Shootout at Reynolds Creek Park (Waco TX)

Jason Nabors first started making noises about a possible mid- September Puddle Duck Racer meet at Lake Waco on September 7; I didn't pay much attention. Waco was 1100 miles away, and I was already driving to Texas for a wedding on September 30. Over the course of the next couple of weeks the meeting moved to October 1, and suddenly I was only going to be 120 miles away AND more or less at loose ends. A petition was submitted to the executive committee (my wife) along with appropriate bribes and groveling, and suddenly the meeting was on my agenda.

I am, so far, strictly a poseur on the Puddle Duck list (see; I have not yet built such a boat, so of course I didn't have one to bring. The other three denizens of the list who showed up brought their boats, though, so a race was inevitable;

About the Puddle Duck Racer: The PDR is a restricted design racing class developed in early 2003 by David (Shorty Pen) Routh. It is touted as the easiest boat in the world to build, and it certainly can be, if one doesn't get fancy. As I write this, 52 hull numbers have been assigned, with more boats always under construction. The greatest concentration of boats is currently in Texas, but there are fleets in 18 different states, as well as Canada, Britain, and South Africa. Details are copiously available at

Jason's wife had even come up with what I believe to be the most professional trophy in the PDR's two year history. When Julia and I arrived, Jason Nabor's Sea Flea (PDR #33) was tied up near the ramp, John H. Wright was out on the lake in his Q&D PDR (PDR #42), and Neil Tipton was in the process of launching Myrtle the Turtle (PDR #29). John came in off the lake, Neil parked his truck, introductions were made all around, and we collectively assaulted the food Jason had provided.

With the preliminaries out of the way, Jason, John, and Neil set forth to do battle. It was interesting that, with only three boats, we had illustrations of nearly the entire range of Puddle Duck Racers that currently exist.

Neil's Myrtle is as close to a "standard" PDR as exists, a basic plywood box with side air boxes and a leeboard; its distinguishing feature is an offset mast, mounted in the starboard air box.
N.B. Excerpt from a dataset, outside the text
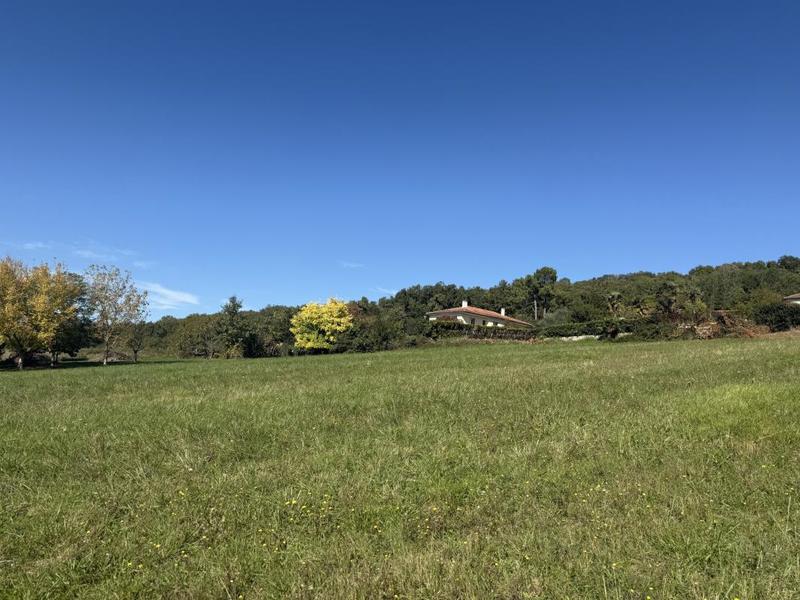 Terrain constructible - 808 m²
Jason's Sea Flea is the most elaborate, and prettiest, PDR to date, and the only one with a cabin that I know of.

John's Q&D is arguably the most technically advanced boat in the fleet, with an more-or-less monocoque hull and sides extended down into bilge keels. It looked to be an interesting race, though it was acknowledged that Jason and the Flea had a significant weight disadvantage.

It was agreed that the pair of buoys that marked the approach to the launch ramp would serve as the start/finish line, and an unidentified orange object floating in the middle of the lake would serve as the turnaround point. The race was about to start when Myrtle was dismasted; the foot of the mast had lifted off its step, allowing the mast to topple sideways, punching a hole in the side of the boat in the process. Neil gathered his mast and sail, shipped his oars, and rowed back to the ramp.

That left Jason and John, who jockeyed to the start line and ad- libbed an amazingly gentlemanly start:

"Are you going?"

"Yeah, I'm going."

"Then I'm going."

And they were off downwind.

Jason unfurled his jib coming off the start, and sailed the downwind leg wing-and-wing. I tried hard to get a decent picture of that, between my camera and Jason's. I wanted photographic documentation of the fact that it really is possible for one of these little plywood boxes to be beautiful, because of course ANY sailboat running wing- and-wing is beautiful; there is no alternative. Alas, no such picture turned up on my camera; I can only hope I had better luck with Jason's camera.

The two boats were fairly close through the turnaround, with John slightly ahead. Things started to go wrong on both boats with the turn. John's sprit boom rig, scavenged from a 30 year old Italian wind surfer, was rigged with a clew outhaul instead of a snotter, and it came loose; John was able to secure it, and continued back upwind. Jason had gudgeon problems; lateral forces caused the top gudgeon to bend one way, and the bottom one the other, giving his rudder a cant that reduced its effectiveness considerably. This, combined with the weight disadvantage mentioned earlier (the Q&D had a gross weight of something less than 225 pounds; the Sea Flea displaced more than twice that), caused Jason to take about twice as long to run the upwind leg as it did John.

Once the race was over, there was the obligatory after-race libation and kibitz, which I participated in until my longsuffering wife's eyes started to glaze over (It seems she has a limited tolerance for discussions of adhesives…), and it was time to head back north.